**ACTIVITY**: Please report every line from the material that contains the word "Hyundai".

**MATERIAL FOR THIS TASK**:
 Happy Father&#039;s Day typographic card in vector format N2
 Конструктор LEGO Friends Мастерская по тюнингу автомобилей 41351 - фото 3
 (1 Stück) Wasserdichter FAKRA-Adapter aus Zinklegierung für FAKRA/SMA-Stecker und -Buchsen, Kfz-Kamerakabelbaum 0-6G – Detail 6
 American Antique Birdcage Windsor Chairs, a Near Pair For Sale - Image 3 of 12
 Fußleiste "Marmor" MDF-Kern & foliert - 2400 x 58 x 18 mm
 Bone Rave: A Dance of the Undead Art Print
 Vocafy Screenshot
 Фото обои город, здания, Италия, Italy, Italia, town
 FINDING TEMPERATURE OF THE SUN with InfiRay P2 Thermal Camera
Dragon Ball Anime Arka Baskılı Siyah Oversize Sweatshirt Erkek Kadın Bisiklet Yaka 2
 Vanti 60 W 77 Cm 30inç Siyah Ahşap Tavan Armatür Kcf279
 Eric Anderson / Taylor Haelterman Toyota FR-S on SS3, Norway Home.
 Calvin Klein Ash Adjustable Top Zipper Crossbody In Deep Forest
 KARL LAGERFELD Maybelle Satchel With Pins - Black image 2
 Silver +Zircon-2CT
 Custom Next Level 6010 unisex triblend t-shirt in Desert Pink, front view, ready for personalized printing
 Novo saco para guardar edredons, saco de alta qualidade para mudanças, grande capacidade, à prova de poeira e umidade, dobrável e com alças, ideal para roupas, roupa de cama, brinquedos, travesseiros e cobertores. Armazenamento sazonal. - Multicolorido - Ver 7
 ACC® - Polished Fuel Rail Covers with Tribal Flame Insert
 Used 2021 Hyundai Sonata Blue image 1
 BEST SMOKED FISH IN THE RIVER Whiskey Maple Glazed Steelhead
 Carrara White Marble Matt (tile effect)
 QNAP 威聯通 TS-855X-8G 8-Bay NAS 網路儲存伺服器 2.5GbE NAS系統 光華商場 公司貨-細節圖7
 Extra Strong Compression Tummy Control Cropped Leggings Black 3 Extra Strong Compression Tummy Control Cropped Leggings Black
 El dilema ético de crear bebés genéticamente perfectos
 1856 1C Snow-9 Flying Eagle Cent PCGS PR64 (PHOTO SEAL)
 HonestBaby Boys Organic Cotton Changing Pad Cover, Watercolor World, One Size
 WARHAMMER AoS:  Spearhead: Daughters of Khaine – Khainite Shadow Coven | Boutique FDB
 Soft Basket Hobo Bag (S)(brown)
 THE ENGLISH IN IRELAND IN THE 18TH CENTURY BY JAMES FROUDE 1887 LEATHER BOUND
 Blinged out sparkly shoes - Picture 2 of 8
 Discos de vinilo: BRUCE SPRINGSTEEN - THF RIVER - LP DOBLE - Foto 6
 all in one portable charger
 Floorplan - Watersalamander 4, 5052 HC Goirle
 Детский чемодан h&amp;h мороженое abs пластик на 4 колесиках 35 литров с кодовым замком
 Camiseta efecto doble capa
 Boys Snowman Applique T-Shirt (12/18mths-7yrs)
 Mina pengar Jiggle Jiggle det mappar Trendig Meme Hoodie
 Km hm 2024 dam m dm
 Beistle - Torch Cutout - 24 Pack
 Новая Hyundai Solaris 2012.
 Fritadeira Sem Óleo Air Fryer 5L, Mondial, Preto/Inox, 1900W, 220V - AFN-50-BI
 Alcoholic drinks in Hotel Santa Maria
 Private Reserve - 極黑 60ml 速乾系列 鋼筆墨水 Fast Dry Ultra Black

**EXPECTED ANSWER**:
 Used 2021 Hyundai Sonata Blue image 1
 Новая Hyundai Solaris 2012.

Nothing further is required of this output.